Question

Use Hund’s rule to derive the electronic configuration of ${ Ce }^{ 3+ }$ ion and calculate its magnetic moment on the basis of spin-only formula.

Answer 1

Hint: Cerium is a lanthanide element with an atomic number of 58. It is soft enough to be cut with a knife like sodium and tarnishes when exposed to air. According to the Hund’s rule: “All orbitals within a subshell are of equal energy. Electrons are repulsive to one another and pair only after all of the degenerate orbitals have been singly filled”.

Complete answer:
Cerium is an element with atomic number 58. It is the second element in the lanthanide series, and shows +3 and +4 oxidation states. It is one of the rare-earth elements. The first 54 electrons will be placed in exactly the same manner as is placed in Xenon since its atomic number is 54.
Rules for filling the electrons:
Rule 1 –Aufbau Principle- Lowest energy orbitals are filled first.
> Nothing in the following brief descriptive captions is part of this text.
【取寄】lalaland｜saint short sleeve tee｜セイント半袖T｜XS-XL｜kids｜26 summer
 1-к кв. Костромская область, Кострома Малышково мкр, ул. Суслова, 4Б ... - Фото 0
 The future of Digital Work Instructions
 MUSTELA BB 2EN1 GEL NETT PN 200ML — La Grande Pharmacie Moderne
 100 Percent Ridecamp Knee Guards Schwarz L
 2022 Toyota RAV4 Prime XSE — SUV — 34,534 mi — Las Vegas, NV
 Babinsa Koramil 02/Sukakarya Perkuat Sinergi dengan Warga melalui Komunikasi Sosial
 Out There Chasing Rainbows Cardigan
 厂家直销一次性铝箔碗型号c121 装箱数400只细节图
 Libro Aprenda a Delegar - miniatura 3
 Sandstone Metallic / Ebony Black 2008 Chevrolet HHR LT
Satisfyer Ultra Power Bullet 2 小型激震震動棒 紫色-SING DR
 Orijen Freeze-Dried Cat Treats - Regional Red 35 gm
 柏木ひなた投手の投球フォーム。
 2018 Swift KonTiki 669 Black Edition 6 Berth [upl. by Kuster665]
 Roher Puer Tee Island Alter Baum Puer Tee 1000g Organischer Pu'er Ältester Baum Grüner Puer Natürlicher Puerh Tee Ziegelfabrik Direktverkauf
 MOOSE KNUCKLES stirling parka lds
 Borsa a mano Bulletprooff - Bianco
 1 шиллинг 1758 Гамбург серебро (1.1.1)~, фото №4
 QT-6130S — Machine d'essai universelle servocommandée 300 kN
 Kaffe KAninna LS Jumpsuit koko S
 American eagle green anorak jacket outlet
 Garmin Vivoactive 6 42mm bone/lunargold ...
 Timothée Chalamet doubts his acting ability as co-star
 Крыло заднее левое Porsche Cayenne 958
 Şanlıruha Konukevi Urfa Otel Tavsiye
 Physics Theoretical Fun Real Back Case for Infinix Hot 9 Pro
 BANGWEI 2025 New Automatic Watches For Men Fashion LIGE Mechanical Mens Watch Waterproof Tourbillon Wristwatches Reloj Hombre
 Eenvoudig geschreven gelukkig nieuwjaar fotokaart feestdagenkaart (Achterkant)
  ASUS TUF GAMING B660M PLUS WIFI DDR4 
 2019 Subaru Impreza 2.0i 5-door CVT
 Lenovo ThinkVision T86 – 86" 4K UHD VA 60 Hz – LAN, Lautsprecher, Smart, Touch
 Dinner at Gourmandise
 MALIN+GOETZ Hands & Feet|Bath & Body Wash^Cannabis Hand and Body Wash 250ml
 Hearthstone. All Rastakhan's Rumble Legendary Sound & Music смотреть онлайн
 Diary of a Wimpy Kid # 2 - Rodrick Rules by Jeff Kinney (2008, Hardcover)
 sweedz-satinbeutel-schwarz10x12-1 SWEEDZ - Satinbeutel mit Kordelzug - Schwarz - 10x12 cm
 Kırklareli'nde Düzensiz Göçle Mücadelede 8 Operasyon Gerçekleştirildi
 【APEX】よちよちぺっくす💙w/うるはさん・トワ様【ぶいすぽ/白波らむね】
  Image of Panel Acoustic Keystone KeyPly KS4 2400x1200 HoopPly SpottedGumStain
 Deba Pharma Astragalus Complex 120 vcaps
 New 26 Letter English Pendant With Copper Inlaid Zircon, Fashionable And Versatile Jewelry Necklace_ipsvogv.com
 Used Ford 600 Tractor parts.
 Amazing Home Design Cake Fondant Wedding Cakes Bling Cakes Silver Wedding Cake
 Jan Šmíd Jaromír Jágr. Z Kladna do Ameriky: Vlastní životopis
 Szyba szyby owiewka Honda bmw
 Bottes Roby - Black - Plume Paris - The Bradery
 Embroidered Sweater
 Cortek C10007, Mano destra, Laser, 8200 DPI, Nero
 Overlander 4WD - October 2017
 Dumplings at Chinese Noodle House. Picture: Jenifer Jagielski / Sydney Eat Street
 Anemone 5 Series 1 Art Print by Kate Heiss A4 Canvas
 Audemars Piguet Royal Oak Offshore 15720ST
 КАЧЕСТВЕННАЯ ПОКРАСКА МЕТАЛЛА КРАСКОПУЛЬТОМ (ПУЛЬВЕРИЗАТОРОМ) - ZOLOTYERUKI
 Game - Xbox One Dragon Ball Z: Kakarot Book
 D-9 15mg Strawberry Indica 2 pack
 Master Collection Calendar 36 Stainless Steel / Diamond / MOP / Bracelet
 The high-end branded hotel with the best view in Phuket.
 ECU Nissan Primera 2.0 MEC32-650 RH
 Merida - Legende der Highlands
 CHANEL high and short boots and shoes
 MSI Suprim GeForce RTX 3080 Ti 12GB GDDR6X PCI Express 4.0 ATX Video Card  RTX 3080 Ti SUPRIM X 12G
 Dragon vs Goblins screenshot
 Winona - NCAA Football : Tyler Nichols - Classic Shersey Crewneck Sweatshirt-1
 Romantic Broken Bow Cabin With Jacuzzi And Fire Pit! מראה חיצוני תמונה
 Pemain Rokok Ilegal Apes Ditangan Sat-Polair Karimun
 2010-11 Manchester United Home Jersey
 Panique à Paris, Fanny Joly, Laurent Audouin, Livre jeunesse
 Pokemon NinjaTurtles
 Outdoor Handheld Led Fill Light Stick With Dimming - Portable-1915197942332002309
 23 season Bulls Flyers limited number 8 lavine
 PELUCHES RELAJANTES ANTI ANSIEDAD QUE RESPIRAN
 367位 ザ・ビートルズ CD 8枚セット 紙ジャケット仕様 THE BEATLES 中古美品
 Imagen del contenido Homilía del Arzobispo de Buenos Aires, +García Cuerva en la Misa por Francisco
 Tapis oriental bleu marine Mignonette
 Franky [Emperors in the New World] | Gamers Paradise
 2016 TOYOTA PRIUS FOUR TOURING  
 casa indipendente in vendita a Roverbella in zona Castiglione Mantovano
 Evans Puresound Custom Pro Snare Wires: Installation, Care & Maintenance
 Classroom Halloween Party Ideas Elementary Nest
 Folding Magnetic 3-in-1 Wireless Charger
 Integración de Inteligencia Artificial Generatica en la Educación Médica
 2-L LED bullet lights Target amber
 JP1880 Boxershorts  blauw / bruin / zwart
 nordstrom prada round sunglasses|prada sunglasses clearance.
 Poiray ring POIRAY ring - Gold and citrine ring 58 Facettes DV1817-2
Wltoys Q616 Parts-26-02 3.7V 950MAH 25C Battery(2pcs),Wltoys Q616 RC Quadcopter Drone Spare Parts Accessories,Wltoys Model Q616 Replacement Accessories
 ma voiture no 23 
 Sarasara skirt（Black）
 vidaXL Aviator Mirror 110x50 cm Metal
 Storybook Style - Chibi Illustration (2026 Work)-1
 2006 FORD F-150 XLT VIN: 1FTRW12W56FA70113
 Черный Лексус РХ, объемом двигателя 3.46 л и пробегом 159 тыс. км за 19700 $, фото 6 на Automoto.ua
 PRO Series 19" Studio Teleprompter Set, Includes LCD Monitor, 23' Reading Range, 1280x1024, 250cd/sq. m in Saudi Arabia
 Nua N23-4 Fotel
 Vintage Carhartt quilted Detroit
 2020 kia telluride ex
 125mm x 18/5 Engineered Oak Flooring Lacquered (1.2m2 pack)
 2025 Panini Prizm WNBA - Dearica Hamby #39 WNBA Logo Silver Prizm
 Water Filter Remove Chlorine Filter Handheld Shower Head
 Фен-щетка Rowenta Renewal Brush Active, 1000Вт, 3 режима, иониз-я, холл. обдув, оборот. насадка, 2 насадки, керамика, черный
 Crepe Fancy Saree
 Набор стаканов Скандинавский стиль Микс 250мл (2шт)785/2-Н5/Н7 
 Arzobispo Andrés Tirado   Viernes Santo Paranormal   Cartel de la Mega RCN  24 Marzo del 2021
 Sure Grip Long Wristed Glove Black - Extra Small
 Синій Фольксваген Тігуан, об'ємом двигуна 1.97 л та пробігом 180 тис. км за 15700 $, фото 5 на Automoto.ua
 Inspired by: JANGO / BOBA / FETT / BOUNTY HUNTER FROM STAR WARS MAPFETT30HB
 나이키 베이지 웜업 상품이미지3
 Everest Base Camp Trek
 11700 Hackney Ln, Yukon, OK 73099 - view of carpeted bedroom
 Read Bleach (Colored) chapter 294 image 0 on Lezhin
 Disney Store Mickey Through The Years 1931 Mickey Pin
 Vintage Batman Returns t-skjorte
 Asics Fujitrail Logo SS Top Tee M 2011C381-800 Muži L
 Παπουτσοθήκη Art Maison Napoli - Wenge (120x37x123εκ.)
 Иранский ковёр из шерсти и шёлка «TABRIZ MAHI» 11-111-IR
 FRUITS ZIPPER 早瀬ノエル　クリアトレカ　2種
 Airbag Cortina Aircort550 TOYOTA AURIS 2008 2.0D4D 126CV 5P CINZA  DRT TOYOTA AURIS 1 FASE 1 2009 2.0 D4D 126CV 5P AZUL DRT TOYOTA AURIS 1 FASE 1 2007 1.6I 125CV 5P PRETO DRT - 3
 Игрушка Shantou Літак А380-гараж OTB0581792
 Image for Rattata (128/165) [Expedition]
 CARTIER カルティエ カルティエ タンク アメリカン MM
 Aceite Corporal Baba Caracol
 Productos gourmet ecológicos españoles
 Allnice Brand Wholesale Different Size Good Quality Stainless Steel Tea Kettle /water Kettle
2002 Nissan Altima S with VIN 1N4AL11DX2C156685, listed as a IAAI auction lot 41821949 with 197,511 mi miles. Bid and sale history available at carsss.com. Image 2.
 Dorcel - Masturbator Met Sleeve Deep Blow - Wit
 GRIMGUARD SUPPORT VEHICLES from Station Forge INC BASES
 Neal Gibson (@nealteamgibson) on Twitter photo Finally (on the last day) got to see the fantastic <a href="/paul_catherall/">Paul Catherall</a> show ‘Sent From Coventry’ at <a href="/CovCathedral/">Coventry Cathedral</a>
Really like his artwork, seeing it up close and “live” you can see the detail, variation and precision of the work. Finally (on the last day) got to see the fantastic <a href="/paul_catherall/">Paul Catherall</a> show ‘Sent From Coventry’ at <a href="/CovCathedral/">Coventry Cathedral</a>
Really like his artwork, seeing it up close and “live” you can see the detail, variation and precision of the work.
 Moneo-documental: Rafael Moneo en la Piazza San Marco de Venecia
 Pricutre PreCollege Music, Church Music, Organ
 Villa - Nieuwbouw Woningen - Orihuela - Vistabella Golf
This can be determined by using the formula n+l where n is the principal quantum number and l is the orbital angular momentum quantum number. If the n+l value is the same then look at their n value to determine their order of filling. Therefore, the filling pattern is 1s, 2s, 2p, 3s, 3p, 4s, 3d, etc. The orbitals within a subshell are degenerate which implies that the entire subshell of a particular orbital type is filled before moving to the next subshell of higher energy.
Rule 2 – Pauli’s Exclusion Principle – “Only two electrons are permitted per orbital and they must be of opposite spin. If one electron within an orbital possesses a clockwise spin, then the second electron within that orbital will possess a counter clockwise spin”.
Rule 3- Hund's Rule of maximum multiplicity – “All orbitals within a subshell are of equal energy. Electrons are repulsive to one another and pair only after all of the degenerate orbitals have been singly filled”.
Keeping all these rules in mind, the electronic configuration up to 54 electrons will be equal to that of the Xenon.
$\left[ Xe \right] ={ 1s }^{ 2 }{ 2s }^{ 2 }{ 2p }^{ 6 }{ 3s }^{ 2 }{ 3p }^{ 6 }{ 3d }^{ 10 }{ 4s }^{ 2 }{ 4p }^{ 6 }{ 4d }^{ 10 }{ 5s }^{ 2 }{ 5p }^{ 6 }$
Now 4 more electrons remain. After the filling of the 5p orbital, these 4 electrons will end up in 4f, 5d and 6s orbitals. According to the n+l rule, the lowest energy orbital among them is 6s. Therefore the 2 electrons will enter the 6s orbital. Now the remaining 2 electrons remain. Now according to the n+l rule both 4f and 5d orbitals are equal in energy therefore their n value has to be taken into account. Therefore the 4f orbital will be lower in energy than the 5d orbital. But one electron occupies the 4f orbital and the other one is present in the 5d orbital. This seems to violate the Aufbau principle and Hund’s rule of maximum multiplicity. In Cerium, the 4f and 5d orbitals are almost similar in energy. Therefore one electron resides in the 4f orbital and the other in the 5d orbital.
Therefore the electronic configuration of Ce is $\left[ Xe \right] { 4f }^{ 1 }{ 5d }^{ 1 }{ 6s }^{ 2 }$
Now we will remove three electrons from this configuration. The electrons in the outermost shell will be removed first. Hence the electronic configuration of ${ Ce }^{ 3+ }$ ion will be: $\left[ Xe \right] { 4f }^{ 1 }$.
The total number of unpaired electrons is 1. The formula for spin-only magnetic moment is:
$\mu =\sqrt { n(n+2) } $ B.M. where n is the number of unpaired electrons.
So for ${ Ce }^{ 3+ }$ ion the spin only magnetic moment will be:
$\mu =\sqrt { 1(1+2) } =\sqrt { 3 } =1.732\quad B.M. $
Hence the spin only magnetic moment for ${ Ce }^{ 3+ }$ ion is 1.732 Bohr Magneton.

Note:
Cerium belongs to the lanthanide series. Therefore it has intervening 4f orbitals that are poor shielders of the effective nuclear charge. Due to this the effective nuclear charge on the outermost shell orbital i.e. 6s increases than what is expected due to which there is a dramatic decrease in the ionic radii as we move along the series which is termed as ‘Lanthanide contraction’.